Command packets are transferred from the Game Boy to the SNES by using bits 4 and 5 of of the JOYP register. These lines are normally used to select one of the two button groups (which still works as usual).

Transferring Bits

A command packet transfer must be initiated by setting JOYP bits 4 and 5 both to 0; this will reset and start the ICD2 packet receiving circuit. Data is then transferred (LSB first), setting bit 4 to 0 will indicate a 0 bit, and setting bit 5 to 0 will indicate a 1 bit. For example:

Transmitted JOYP bit 4 JOYP bit 5 M-cycles 0 Start 20 0 40 0 60 1 80 1 1000 1201 1400

The boot ROM and licensed software keep data and reset pulses LOW for at least 5 M-cycles and leave bit 4 and 5 both to 1 for at least 15 M-cycles after each pulse. Though the hardware is capable of receiving pulses and spaces as short as 2 M-cycles (as tested using sgb-speedtest), following the common practice of 5 M-cycle pulses and 15 M-cycle spaces may improve reliability in some corner case that the community has not yet discovered.

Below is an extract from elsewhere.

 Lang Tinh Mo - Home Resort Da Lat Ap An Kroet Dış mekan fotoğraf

Obviously, it’d be no good idea to modify the joypad register in the middle of a transfer. For example, if your VBlank interrupt procedure normally reads out button states each frame, you should disable that behavior using a variable (or disable the interrupt handler entirely).

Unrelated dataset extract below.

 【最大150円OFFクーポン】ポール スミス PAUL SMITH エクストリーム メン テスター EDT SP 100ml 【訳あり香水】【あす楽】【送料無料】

The GB program should wait 60 ms (4 frames) between each packet transfer and the next, as the “bomb” tool to erase a user-drawn border can cause the SGB system software not to check for packets for 4 frames.

Packet format

Each packet transfer is started by a “Start” pulse, then 16 bytes (128 bits) of data are transferred, the LSB of each byte first; and finally, a 0 bit must be transferred as a stop bit. These 130 bit periods correspond to at least 2600 M-cycles at the recommended rate.

The structure of the first packet in a transmission is:

  1. 1 pulse: Start signal
  2. 1 byte: Header byte (Command Code × 8 + Length)
  3. 15 bytes: Data
  4. 1 bit: Stop Bit (0)

The above Length indicates the total number of packets (1-7, including the first packet) which will be sent. If more than 15 data bytes are used, then further packet(s) will follow, as such:

  1. 1 pulse: Start signal
  2. 16 bytes: Data
  3. 1 bit: Stop Bit (0)

By using all 7 packets, up to 111 data bytes (15 + 16 × 6) may be sent.

Bytes with no indicated purpose are simply ignored by the SGB BIOS. They can be set to any value (but they must still be transferred).